The problem here is that there is very little accountability for a remarkable amount of power being given to the government. That’s not how democracies work. Give the intercepting agencies appropriate powers, yes – but assure that there’s real oversight and transparency, and don’t give cooperating service providers an incentive to buckle so quickly.

This lack of accountability leads us to one more issue.

Metadata is Back

The explanatory memorandum says:

Access to personal information like telecommunications intercept material, telecommunications content and telecommunications data will continue to require a warrant or authorisation pursuant to existing law.

And, that’s true; because this legislation is built upon the TIA Act, access to “Content of Communication” requires a warrant.

What they’re not saying is how “Intercept-Related Information” – i.e., metadata – will be handled under this regime. In Australia, IRI does not require a warrant, and under this legislation, an intercepting agency can compel release of IRI without a warrant.

While the distinction between IRI and CoC is well-understood for telecommunications, it’s not at all clear how the line will be drawn, given the diversity of services on the Internet and the breadth of parties that this legislation will apply to.

Since the TIA Act’s requirement of a warrant is so heavily relied upon for oversight in this regime, that’s a huge concern.

I go into a lot more detail in my submission, but one scenario deserves highlighting:

If the Attorney-General requires Google to incorporate a machine learning model into Gmail to identify suspected terrorists amongst all Australian users, only supplying the “hits” but not their e-mails, will that require a warrant?
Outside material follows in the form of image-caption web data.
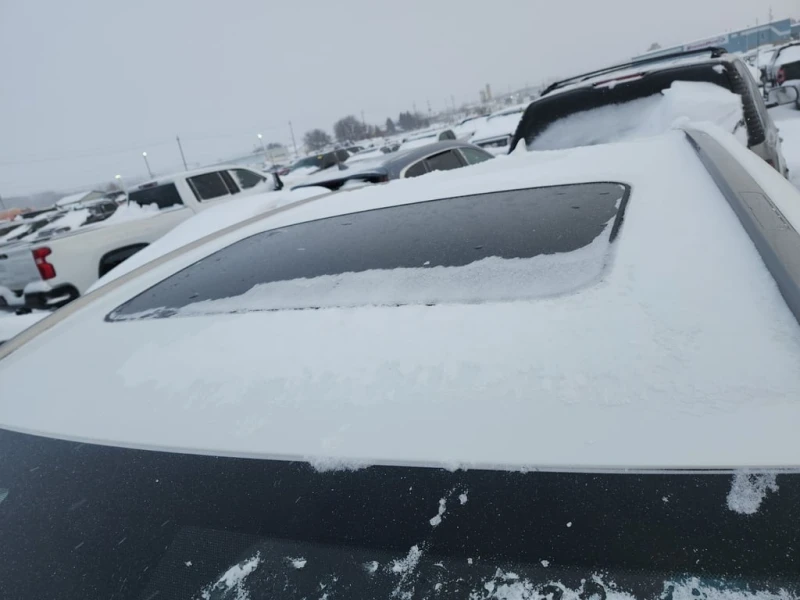 Lexus NX 450 * 450H+ * CARFAX * БЕЗ ПЪРВОНАЧАЛНА ВНОСКА, снимка 15 - Автомобили и джипове - 53256658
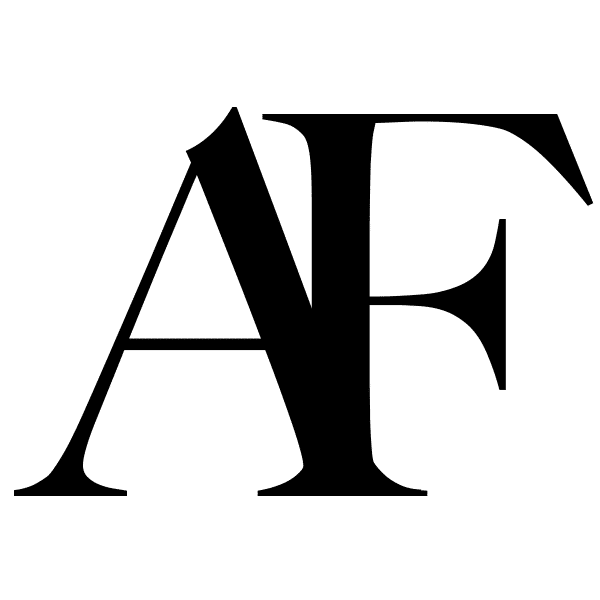 Atomic Form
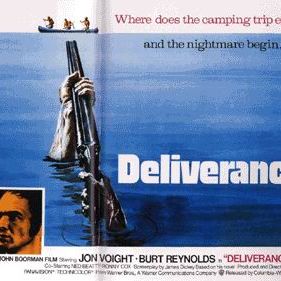 Foto Amargo Pesadelo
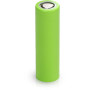 Акумулятор 21700 Li-Ion 5000mAh 3.6V 30A (BOX 320 pcs) JHY (INR21700-50SE/INR21700-5000 BOX) Акумулятор 21700 Li-Ion 5000mAh 3.6V 30A (BOX 320 pcs) JHY (INR21700-50SE/INR21700-5000 BOX)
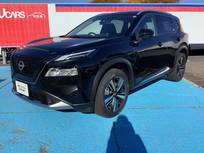 日産 エクストレイル 1500cc 1.5 G e-4ORCE 4WD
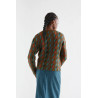 JACQUARD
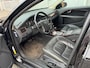 Volvo S80 3.0 T6 AWD Executive TOP ONDERHOUDEN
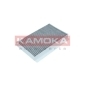 F512201 KAMOKA Фильтр, воздух во внутренном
Interestingly, I brought this issue up with the senior staffer for the Minister in Canberra; his response was roughly “Oh, I hadn’t thought of that.” Hm.

What’s Next?

The Assistance and Access Bill 2018 came up in a few hallway conversations at IETF 103 last week. I’ve heard Internet infrastructure operators, service providers, hardware and software vendors say that they’re deeply concerned about it.

Some are considering pulling out of the Australian market; others thinking about creating special ‘dumbed down’ products so that they don’t expose non-Australian customers to risk.

One well-known figure declared it was equivalent to “cyber-Brexit.”

It’s pretty clear that as written, this legislation will put Australian businesses at a significant disadvantage, because they won’t be on a level playing field as suppliers or consumers of Internet-related technologies.

What’s most interesting to me at the moment are the unforeseen reactions. Since this is an attempt to circumvent encryption by attacking trust infrastructure before and after it takes place, the obvious response is to create new technologies that don’t rely on trusting unknown third parties.

That might be one of the many flavours of distributed technologies that are becoming popular, or it might be some more creative incentive structures (like Certificate Transparency) that convinces anyone in a trusted position that misuse of these instruments is not only a systemic weakness, it’s also an existential threat to them.